Document Type

Article

Publication Date

2001

Abstract

This Paper analyses how the network of enforcers envisaged in the Proposal for a Council Regulation on the implementation of the rules on competition laid down in Articles 81 and 82 of the EC Treaty (September 2000) would operate. We identify four issues. First, we observe that the Proposal (unlike the White Paper) includes safeguards to avoid a shift of competence in favour of national competition laws, which may be questionable in terms of subsidiarity. Second, we recognise that the accountability of antitrust authorities might vary across the members of the network, so that, for instance, some authorities may be more prone than others to accept industrial policy considerations.

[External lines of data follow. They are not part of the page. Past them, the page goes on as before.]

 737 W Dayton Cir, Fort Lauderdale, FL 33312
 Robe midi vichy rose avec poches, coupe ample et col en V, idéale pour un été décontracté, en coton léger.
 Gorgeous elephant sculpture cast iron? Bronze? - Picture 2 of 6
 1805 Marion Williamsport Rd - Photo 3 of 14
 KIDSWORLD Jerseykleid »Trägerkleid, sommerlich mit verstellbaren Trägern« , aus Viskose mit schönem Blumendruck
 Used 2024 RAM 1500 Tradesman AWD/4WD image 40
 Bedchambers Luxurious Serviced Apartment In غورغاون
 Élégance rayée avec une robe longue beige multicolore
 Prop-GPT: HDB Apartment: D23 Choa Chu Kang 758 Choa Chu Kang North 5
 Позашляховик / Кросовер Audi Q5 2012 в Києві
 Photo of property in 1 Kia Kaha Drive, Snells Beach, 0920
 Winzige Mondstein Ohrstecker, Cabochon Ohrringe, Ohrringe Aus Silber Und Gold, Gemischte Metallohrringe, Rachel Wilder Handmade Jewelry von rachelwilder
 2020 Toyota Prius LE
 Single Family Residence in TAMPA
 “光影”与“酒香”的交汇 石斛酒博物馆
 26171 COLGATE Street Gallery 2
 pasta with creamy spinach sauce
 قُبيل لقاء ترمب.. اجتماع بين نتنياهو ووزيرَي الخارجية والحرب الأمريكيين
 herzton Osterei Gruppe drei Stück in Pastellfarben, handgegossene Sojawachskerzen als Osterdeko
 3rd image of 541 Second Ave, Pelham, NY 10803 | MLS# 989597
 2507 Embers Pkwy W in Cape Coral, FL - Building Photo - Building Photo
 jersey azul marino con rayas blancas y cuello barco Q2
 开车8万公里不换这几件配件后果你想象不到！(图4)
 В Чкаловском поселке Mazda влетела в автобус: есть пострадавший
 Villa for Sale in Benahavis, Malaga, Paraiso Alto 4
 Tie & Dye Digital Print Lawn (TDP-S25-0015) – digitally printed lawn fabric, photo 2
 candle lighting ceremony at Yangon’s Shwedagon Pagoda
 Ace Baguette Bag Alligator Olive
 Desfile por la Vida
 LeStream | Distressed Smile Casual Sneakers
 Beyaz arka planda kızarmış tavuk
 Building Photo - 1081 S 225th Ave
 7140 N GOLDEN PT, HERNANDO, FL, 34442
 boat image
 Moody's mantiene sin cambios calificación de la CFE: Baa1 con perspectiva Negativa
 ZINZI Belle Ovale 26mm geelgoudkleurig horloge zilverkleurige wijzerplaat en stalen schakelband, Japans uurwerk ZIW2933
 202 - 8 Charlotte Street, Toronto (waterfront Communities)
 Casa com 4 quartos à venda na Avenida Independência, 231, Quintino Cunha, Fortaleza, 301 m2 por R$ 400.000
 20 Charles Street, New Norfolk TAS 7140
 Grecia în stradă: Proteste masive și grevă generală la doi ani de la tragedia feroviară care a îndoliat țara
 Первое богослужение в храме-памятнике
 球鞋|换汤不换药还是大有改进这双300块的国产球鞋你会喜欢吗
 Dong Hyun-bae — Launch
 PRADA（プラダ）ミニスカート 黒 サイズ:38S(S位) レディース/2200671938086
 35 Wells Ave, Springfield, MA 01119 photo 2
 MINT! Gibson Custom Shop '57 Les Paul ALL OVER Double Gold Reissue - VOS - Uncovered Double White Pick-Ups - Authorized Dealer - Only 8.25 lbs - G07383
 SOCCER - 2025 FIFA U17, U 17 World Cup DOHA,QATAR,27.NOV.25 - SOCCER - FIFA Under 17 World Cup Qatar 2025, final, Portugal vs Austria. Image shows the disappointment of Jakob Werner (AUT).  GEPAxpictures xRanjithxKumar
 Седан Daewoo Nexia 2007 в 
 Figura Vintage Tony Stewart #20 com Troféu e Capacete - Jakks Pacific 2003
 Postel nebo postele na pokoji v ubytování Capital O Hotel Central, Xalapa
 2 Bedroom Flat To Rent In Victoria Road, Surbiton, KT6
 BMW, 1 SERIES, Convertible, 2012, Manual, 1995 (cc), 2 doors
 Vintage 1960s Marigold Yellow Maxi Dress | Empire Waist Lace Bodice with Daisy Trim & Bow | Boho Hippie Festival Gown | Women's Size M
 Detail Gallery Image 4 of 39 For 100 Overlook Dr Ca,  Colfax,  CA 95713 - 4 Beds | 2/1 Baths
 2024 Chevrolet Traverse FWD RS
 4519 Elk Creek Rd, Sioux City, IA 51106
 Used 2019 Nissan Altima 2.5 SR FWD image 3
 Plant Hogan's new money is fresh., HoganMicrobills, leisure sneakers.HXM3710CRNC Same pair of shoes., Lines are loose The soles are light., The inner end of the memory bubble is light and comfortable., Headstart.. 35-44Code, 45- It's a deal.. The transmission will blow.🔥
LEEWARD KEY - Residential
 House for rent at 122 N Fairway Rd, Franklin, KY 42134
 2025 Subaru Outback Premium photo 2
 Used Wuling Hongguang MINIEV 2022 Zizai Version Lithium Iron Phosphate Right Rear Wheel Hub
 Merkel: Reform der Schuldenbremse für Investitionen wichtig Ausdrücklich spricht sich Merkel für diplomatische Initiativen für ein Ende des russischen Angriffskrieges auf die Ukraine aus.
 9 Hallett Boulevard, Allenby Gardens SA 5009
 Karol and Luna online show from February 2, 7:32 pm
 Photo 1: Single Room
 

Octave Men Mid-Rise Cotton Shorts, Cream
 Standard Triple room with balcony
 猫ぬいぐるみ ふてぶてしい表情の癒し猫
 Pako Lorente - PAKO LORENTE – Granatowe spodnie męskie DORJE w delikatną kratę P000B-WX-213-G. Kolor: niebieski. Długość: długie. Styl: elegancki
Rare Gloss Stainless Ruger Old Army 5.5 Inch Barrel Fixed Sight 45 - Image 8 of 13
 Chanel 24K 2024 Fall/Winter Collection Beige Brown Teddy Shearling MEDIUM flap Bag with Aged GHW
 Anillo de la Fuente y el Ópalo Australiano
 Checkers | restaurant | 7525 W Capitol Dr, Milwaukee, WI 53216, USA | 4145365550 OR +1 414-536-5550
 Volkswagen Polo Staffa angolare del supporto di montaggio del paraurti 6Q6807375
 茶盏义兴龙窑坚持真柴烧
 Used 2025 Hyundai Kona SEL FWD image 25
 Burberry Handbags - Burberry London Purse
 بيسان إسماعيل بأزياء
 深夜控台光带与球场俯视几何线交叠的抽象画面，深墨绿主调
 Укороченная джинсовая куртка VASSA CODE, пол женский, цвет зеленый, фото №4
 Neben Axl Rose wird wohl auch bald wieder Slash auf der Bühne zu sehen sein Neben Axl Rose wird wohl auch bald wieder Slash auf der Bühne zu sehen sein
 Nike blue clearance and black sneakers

The preservation of the Commission’s monopoly (among administrative units) with respect to decisions granting a positive application of Article 81(3) (a matter which was not fully clear in the White Paper) can be seen in this light. We suggest that the imposition of institutional constraints on Member States like accountability and independence standards could have been a more effective way of addressing the issue. Third, we observe that in the proposed framework, sequential enforcement by several authorities is likely to occur and that each Member States will have little incentive to take into account in its decision the interests of other Member States. We show that such a system of enforcement can have a ‘disintegrating effect ’, to the extent that it does not allow for a balance between positive and negative net benefits across Member States. The Proposal contains a number of measures which may reduce the scope of multiple enforcement, without however addressing the underlying incentive issue. We suggest that additional co-ordination between the members of the network may prove necessary. In particular, we advocate the re-emergence in the intra-EC context of a ‘positive comity’ obligation and we suggest that a formal procedure for co-ordination between different institutions might turn out to be necessary. Finally, we observe that if the Proposal formalises the (vertical) relationship between the Commission and the national competition authorities (beyond what was considered in the White Paper), it fails to bind the Commission discretion. We argue, in light of the US experience with multiple enforcement that such commitment would be useful.